In this way, it will be similar to a tag cloud as it conveys the content of a text, but augmented as it could convey the meaning of a text and relationships between tags. It will also be similar to the DBPedia RelFinder, but augmented as it will show links but also contain a hierarchy of more to less important concepts. I hope that in the end it could be a viable alternative of graphic text-representation.
As I see it, my semantic graph-cloud should communicate at least these three things:
1. The most likely topic of the text
2. The concepts which occur literally in the text versus concepts that do not occur in the text
3. Clusters of similar concepts
My first idea is to model these three properties by size, alpha-channel and colour respectively, the bigger node, the more likely the topic, transparant nodes are the ones that do not occur in the text, and coloured nodes to group semantically similar nodes.

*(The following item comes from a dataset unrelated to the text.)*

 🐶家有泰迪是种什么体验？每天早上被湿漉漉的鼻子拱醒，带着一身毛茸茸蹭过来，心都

But that’s just my initial plan, I might have to give it some more thoughts and experiment with it.
Next, I should think about a method to ‘measure’ whether my semantic tagcloud conveys more information, or has ajy added value. In the end, I am totally unsure whether the resulting tag graphs will make sense as it depends on multiple factors such as the efficiency of my keyword extraction, the efficiency of the vector-space based string comparison, the quality of the ontologies, etc.

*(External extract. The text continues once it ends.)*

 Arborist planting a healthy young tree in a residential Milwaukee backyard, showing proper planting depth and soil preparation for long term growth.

The good news is, most of the technical work is in a close-to-finished state. I have various methods of extracting keywords from large texts (which I will be validating soon), I have a functional method to find ‘new’ concepts by comparing a text to all the descriptions of ontology concepts, I have a functional shortest-path finder to explore how two concepts are related (and produce a graph of it). It’s just a matter of putting it all together and selecting a suitable tool to draw the graphs. I don’t think I’ll use Gephi, as I want to fully integrate the graph drawing in my script, so who knows, maybe it’s back to NetworkX, igraph, or maybe Protovis?
In the mean time I’m looking at validating the data I generated with the various keyword extraction algorithms. By using human experts and cross-validating with existing keywords from certain entries, I’ll be able to evaluate which method of keyword extraction is the most efficient for my purposes. Once that’s done, and I’ve picked my graph-drawing method, I can start showing some preliminary results!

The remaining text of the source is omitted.